Holidays, national and religious, such as that of the Virgin Mary, the Panagia on August 15, are rooted in deep wisdom. Human life would be difficult without them.
Toward the end of summer, with the sun still burning and the song of the cicadas stirring, with the fruits musky and juicy, with the meltemi whistling and raising visible waves in the Aegean – but also with an eye towards the return to everyday life in September, this holiday offers a great – last – opportunity this year for physical and mental rest.
And the combination of these two is liberating.
It is the last chance for family excursions and carefree moments. For enjoyment.
Last year I had the great fortune to be in Chania on such days.

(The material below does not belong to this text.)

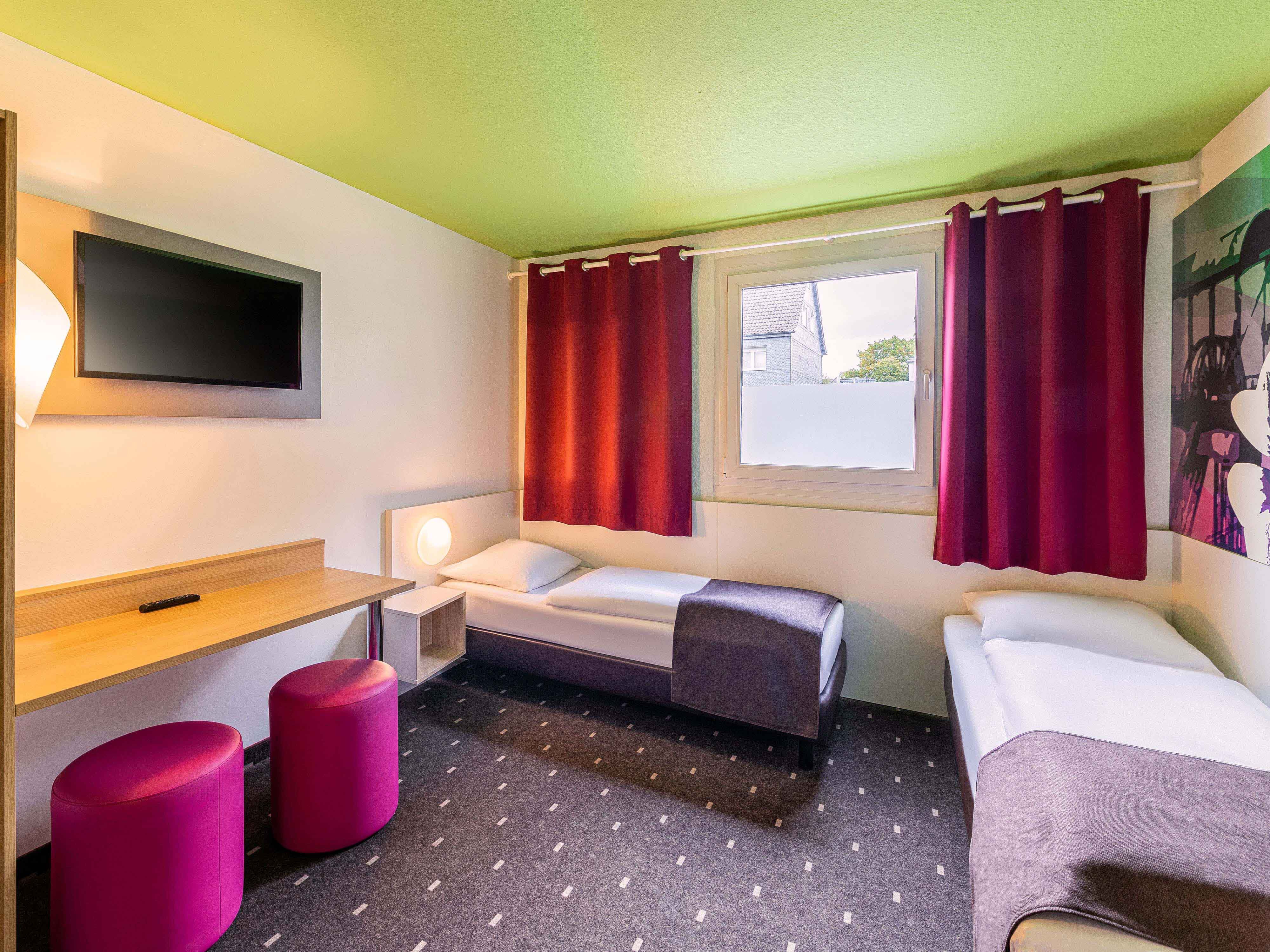 Bilder B&B HOTEL Bochum-Herne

This beautiful city on Crete, certainly one of the most beautiful in Greece, while enduring partial restrictions due to the coronavirus, was full of people. From all over the Planet – not just all the Chaniotes who live in other places – as well as from other regions of Greece. After all, Cretan hospitality is world famous.
As the Panagia feast approached, life took on a calm, slow pace. The mind relaxed. The tsikoudia liqueur healed the body and soul and loosened the tongue. The plans for where everyone would spend those days were complete.
Some would spend at home with family and friends and others in the villages and beaches of Crete – truly a blessed place.
The fifteenth of August is the feast of the Virgin Mary, the Mother of Christ, the patroness of Mount Athos, the Theotokos to whom we turn and beg for protection, for help, for support, who doubly heals our souls.
Perhaps, with her ‘mother’ image, we feel her to be more accessible than Jesus. That makes it easier for us to ‘talk’ to her. She dwells in our imagination and we constantly see her in icons, tenderly holding her son and our Savior, Christ, and we feel that she sees us too. And that she understands us. And that makes us feel good. We do feel better when we pray to her. And we gain faith and courage to continue fighting the fight of life.
She is our Panagia. Her grace is great.